Congress eventually allocated $310 billion in a second round of funding, with $30 billion set aside specifically for community banks, but many of those banks continue to struggle processing applications.
“It’s ridiculous,” said Scott Cote, chairman and CEO of Pentucket Bank in Haverhill, Massachusetts. “Tons of lenders across the country were just sitting in front of their computers.”
During the first round of PPP funding, before the money ran out, Cote’s bank processed 300 loans worth more than $50 million.
About 100 applications were left in the queue for the second round, and Cote said his staff stayed up until 3 in the morning Monday to finish the backlog of applications after they were told at the last minute that the SBA could not accept applications until 10:30 a.m. Monday morning.
According to numbers by an SBA spokeswoman, the agency had processed $52 billion in total loans under the second round of funding, about $29 billion of which was from small lenders, as of Tuesday.

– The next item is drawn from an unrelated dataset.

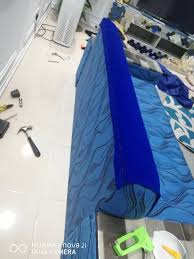 Kami menyediakan aneka ragam sofa dari rotan sintetis dengan desain unik dan menarik. Hanya Bermodalkan Rm150 Wanita Ni Transform Sofa Biasa Jadi Luar Biasa Mewah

“They outsmarted themselves,” Cote said of regulators, noting that the $30 billion carveout for smaller banks was hampered by bigger banks’ submitting applications simultaneously. “They should have had had the smaller banks go first, instead of painting us with the same broad brush.”
As with the first go-round of PPP funding, technical issues seem to be at the heart of the snags. “They were allowing [large] banks to input 15,000 applications in a single XML file,” which then slowed down the process considerably, Cote said.

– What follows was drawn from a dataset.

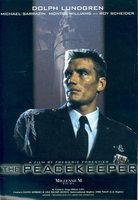The Peacekeeper movie poster (1997) mug #MOV_70e80201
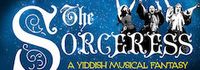 The Sorceress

To contend with the logjam, the SBA announced Wednesday it would allow only lenders with less than $1 billion in assets to access its lending portal.
Other community banks have adapted their own systems to ease the process. Peapack-Gladstone Bank has processed more than 2,000 applications — including 155 left over from the first round before it ran out of money — but the process is much speedier than before.
Vince Spero, executive vice president of the boutique New Jersey bank, attributes much of that to the bank’s change of lending platforms. Whereas before the bank had to manually input applications during round one, it was able during round two to pre-load applications into the queue and then hit send once the SBA’s systems went live.
“Yesterday we got just as many loans approved in 14 hours as in 14 days,” Spero said on Tuesday.
Noting about 80% of the bank’s PPP loan approvals have been for $350,000 or less, Spero estimates that larger companies are more prepared with their applications than smaller ones are. “A lot of these are just smaller businesses that are just trying to stay alive” and didn’t have the required forms ready, Spero said.